The headline front-office metric: how many wins a general manager adds per season above an average front office on the same budget, with the franchise he inherited and the luck of a short sample stripped out.
Every other front-office number on this site measures what happened on a GM's watch. GM WAR asks the harder question: how much of it was actually him? It is the wins-above-budget an executive adds per season, stripped of the franchise he inherited and the noise of a short sample — wins above a replacement GM, an average front office getting the expected return on the same payroll. Units are wins per season.
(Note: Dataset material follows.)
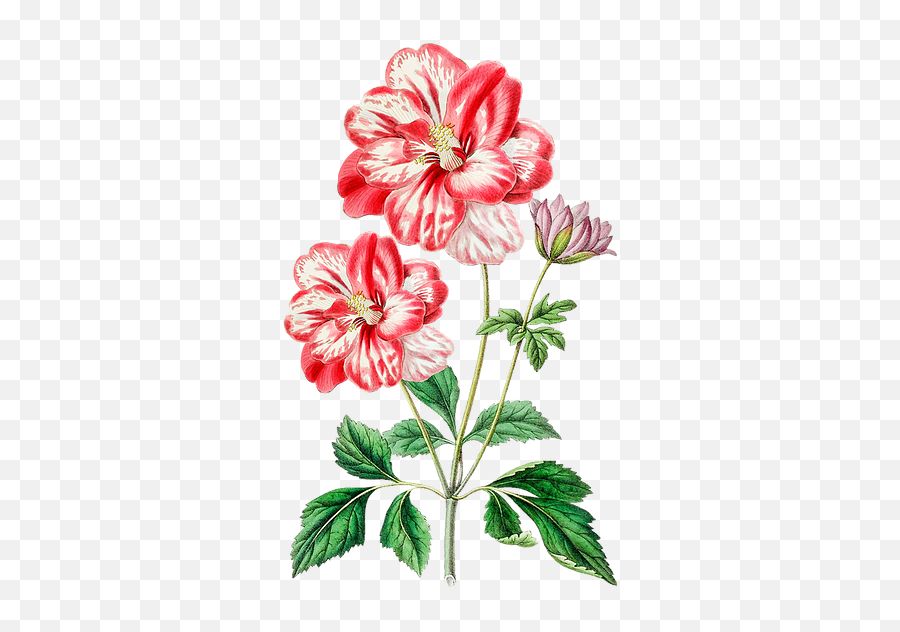 Images - Floral Design Emoji,Flower Drawing Png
The build is a ladder, and the first rung is choosing the right outcome. Actual wins (WAB) are more than half luck — one-run games, bullpen sequencing, health — that a GM does not control and that does not repeat. TAB (talent above budget: roster WAR versus what payroll predicts) strips that conversion luck and measures what the executive actually builds. The payoff is reliability — how much a number in one season tells you about the next:
| metric | year-to-year stickiness | what it contains |
|---|---|---|
| WAB (wins above budget) | 0.37 | talent + conversion luck |
| TAB (talent above budget) | 0.47 | talent only |
The gap between them — turning talent into wins — has a GM-to-GM reliability of about 0.05: essentially no repeatable skill. So GM WAR builds on TAB and treats WAB as the scoreboard receipt, not a skill signal.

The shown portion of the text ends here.